Nie jesteś zalogowany.
Witam wszystkich serdecznie. Chcialbym bardzo, ale to bardzo serdecznie podziekowac Markowi (Fotodrab) za bardzo cieple i serdeczne przyjecie, jak i pozegnanie w Australii. Marku jezeli to czytasz to wiedz ze ciezko jest teraz znalezc tak sympatycznego ,przemilego, pomocnego itd , itd faceta jak Ty. Pomogles nam bardzo juz dwa tygodnie przed naszym przyjazdem do Australii za co Ci bardzo dziekuje . Pokazales nam kawal Australii poswiecajac nam swoj czas. Przywitanie nas butelka wina w plenerze absolutnie nas zaskoczylo Nie wspomne o butelce Danielsa za ktorym nie przepadasz Marku jeszcze raz Ci bardzo serdecznie dziekujemy za pomoc i czas spedzony z nami . Mam nadzieje ze sie jeszcze spotkamy na Twoich lub moich terenach Slawek (Dinus )

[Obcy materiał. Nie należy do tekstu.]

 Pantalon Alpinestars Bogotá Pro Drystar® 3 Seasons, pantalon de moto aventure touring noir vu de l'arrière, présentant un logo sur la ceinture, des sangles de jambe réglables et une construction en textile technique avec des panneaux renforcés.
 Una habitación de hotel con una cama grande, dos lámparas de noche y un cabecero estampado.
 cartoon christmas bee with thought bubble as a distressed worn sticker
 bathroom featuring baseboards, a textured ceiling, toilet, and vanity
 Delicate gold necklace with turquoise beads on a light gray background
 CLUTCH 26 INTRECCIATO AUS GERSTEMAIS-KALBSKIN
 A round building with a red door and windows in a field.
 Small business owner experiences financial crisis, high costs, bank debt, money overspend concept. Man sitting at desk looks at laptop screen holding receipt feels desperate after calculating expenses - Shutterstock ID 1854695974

Serwus Slawku!Bardzo mi milo bylo Was poznac. Mam nadzieje, ze fajnie spedziliscie czas Downunder.
Szkoda, ze tak krotko, no i szkoda...no wiecie....no... jakby to ująć...no ten Jack Daniels )) W kazdym razie jestescie pierwsi, ktorzy w Barossa pili Jack Daniels, a nie lokalne wino
Mam nadzieje, ze to nie Wasz ostatni raz w Australii.